Zwelinzima Vavi was one of the main guest speakers at a National Political school held by Numsa at the Kopanong Conference Centre in Benoni. Vavi who spoke for close to three hours, was warmly welcomed by Numsa members who broke into song and dance when he arrived and again when he departed. Picture: Antoine de Ras, 17/09/2013

Pretoria - Suspended Cosatu general secretary Zwelinzima Vavi has to appear before the trade union federation's disciplinary committee to clear his name, Sasawu said on Wednesday.

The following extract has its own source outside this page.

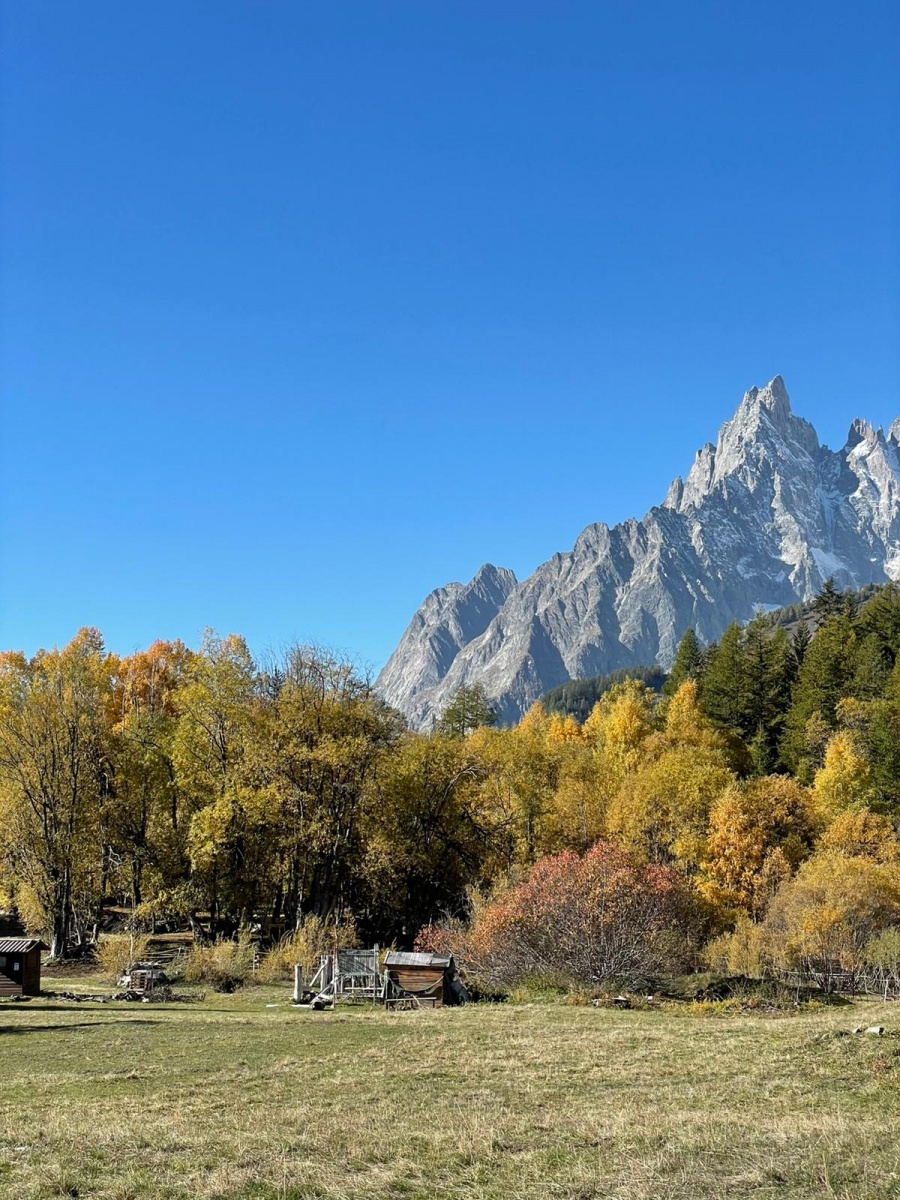 Incentive aziendale a Courmayeur tra formazione e team building - 8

“There is no option where you can clear yourself other than appearing there,” the SA State and Allied Workers' Union's (Sasawu) general secretary Mike Ngqolowa told reporters in Irene, south of Pretoria. Sasawu is a Cosatu affiliate.

“If he does not appear in front of a DC, that will give credence to the fact that he is hiding something.”

However, this did not mean nine affiliate unions of the Congress of SA Trade Unions that were supporting Vavi approved of the processes that led to him being charged.

Ngqolowa said Vavi had received letters informing him that if he did not appear a decision would be taken against him. The nine affiliates had called for Vavi's reinstatement and for Cosatu to hold a special congress before the end of March.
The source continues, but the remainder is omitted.